The “Newsroom” section, mainly designed for the worldwide media, is a repository of all press and web releases related to ALMA from its beginning, classified in chronological order. This section also contains a list of main scientific events in which ALMA will be represented as well as useful information for journalists planning to visit our facilities and EPO contact information in Chile and the regions.
The “Multimedia” section gives a global view of ALMA’s universe through images, 3-D animations, videos, and webcams. The images are divided into specific sections, which make the searches easy, and are downloadable in different resolutions. ALMA-related videos, produced either by the JAO EPO Department or the EPO Departments of the Executives, are visible in streaming and also downloadable.

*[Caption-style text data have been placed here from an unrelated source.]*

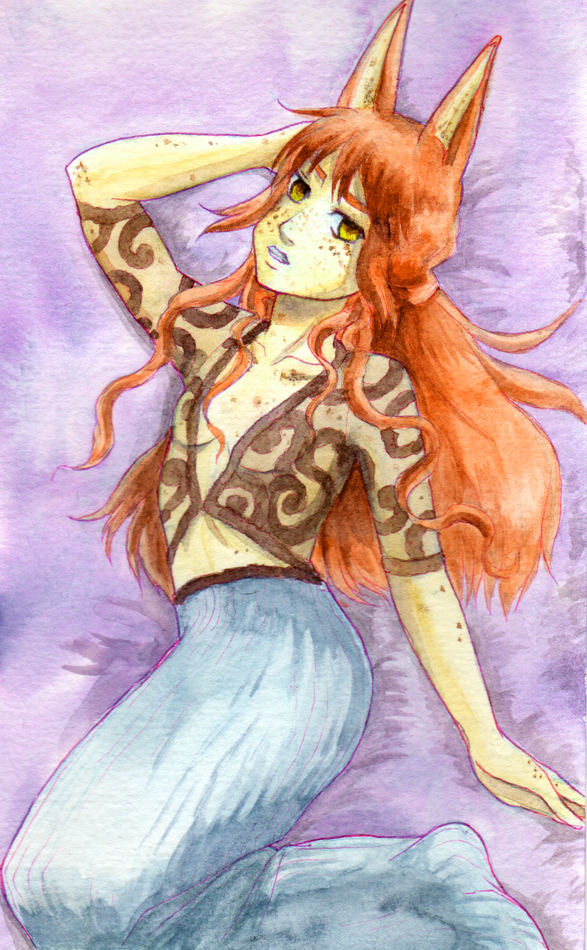 Dewi watercolour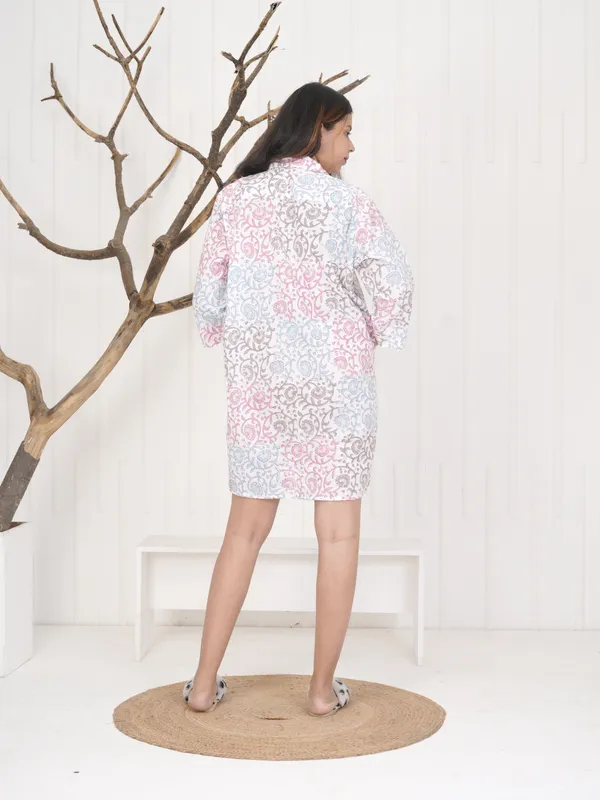 Multicolour_100%_Cotton_Block_Print_Sleep_Shirt_For_Women_|_Premium_&_Elegant_Night_Dress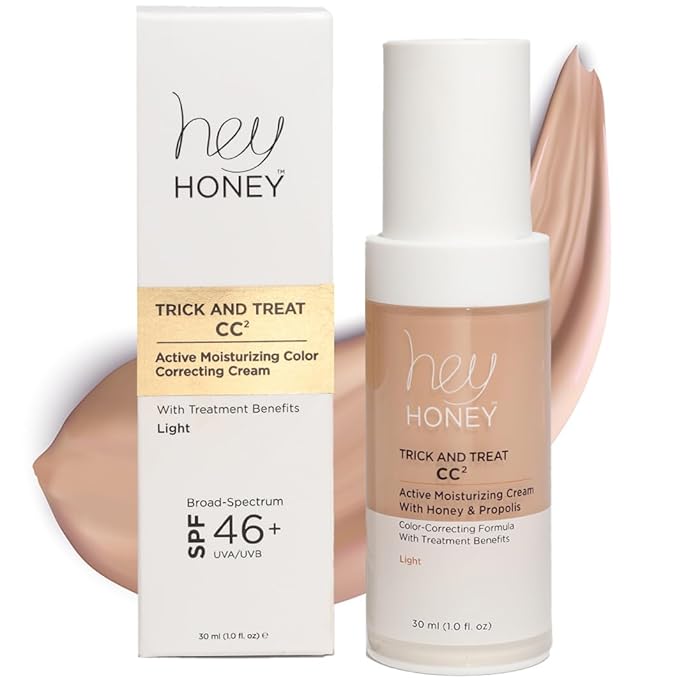 Hey Honey Trick and Treat CC² Cream SPF (Light Tone) 1 oz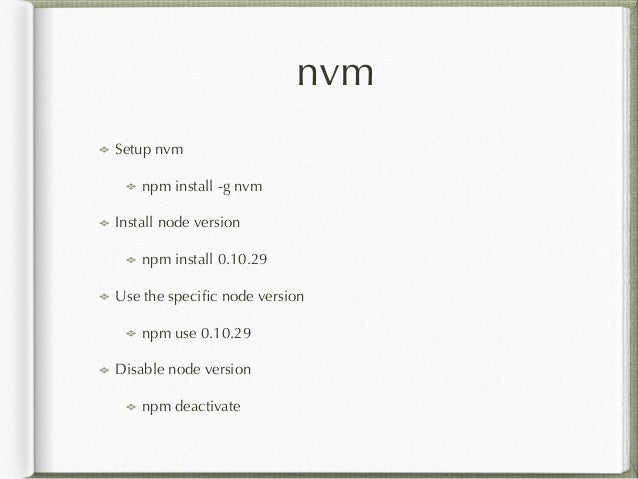 nvm install npm nvm install npm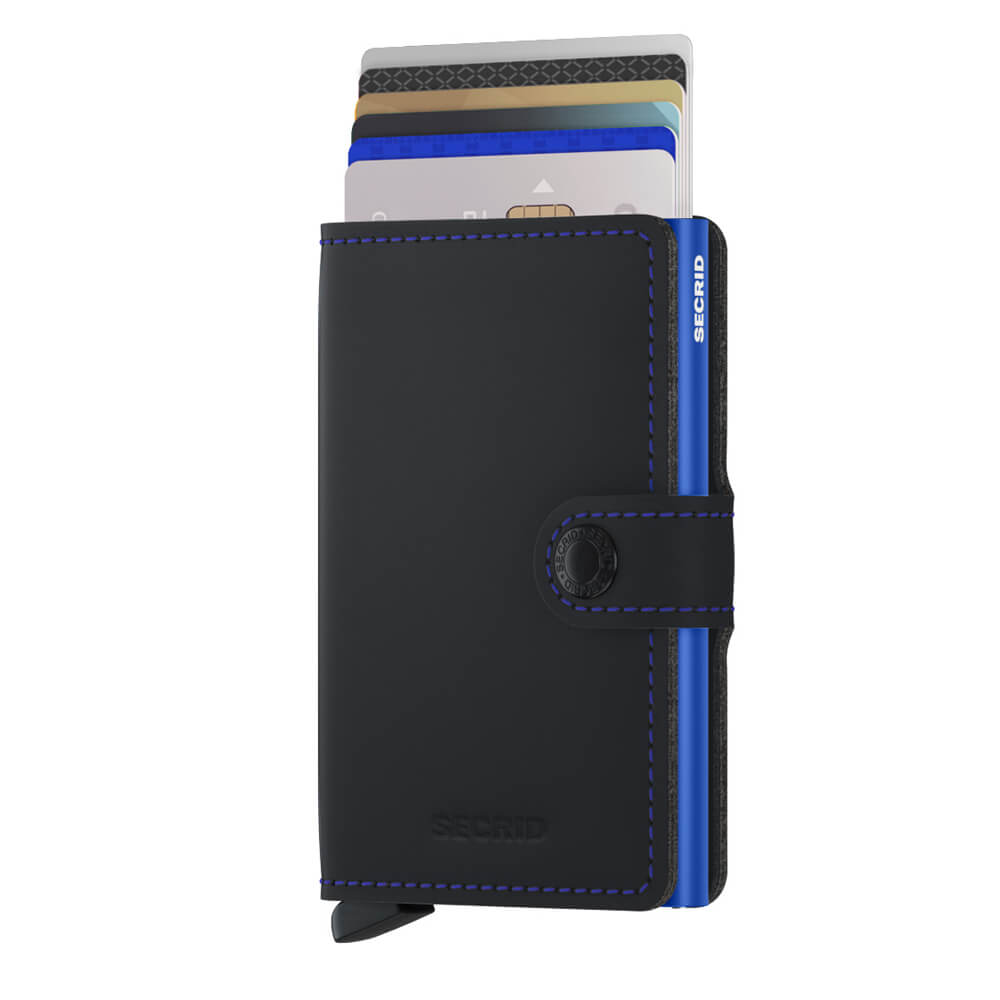 Secrid Miniwallet Matte Black & Blue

The “Resources” section contains free downloadable publications on the project, such as the beautifully illustrated book on biology in the ALMA area, and easy-to-build paper models of the antennas and the transporter. A radio astronomy FAQ and an astronomical glossary offer a good introduction to radio astronomy and ALMA to people who are completely new to astronomy, as well as to those who have a greater acquaintance with it.
The "Internal Links," which were formerly located under "ALMA Resources" at the bottom of the www.alma.cl webpage, are now accessible from a link located in the footer of the www.almaobservatory.org domain. Since these links are for internal purposes, they are visible only inside the private networks of ALMA and the Executives.
The architecture of the website was designed by professionals, following the requirements specified by the ALMA-related EPO departments. Designed to be user-friendly and easy to navigate, the website also possesses a flexible content management system. Last but not least, the website aims to be dynamic and constantly updated with new tools, articles, resources, pictures, videos, etc. This will be one of the priorities of the JAO EPO department.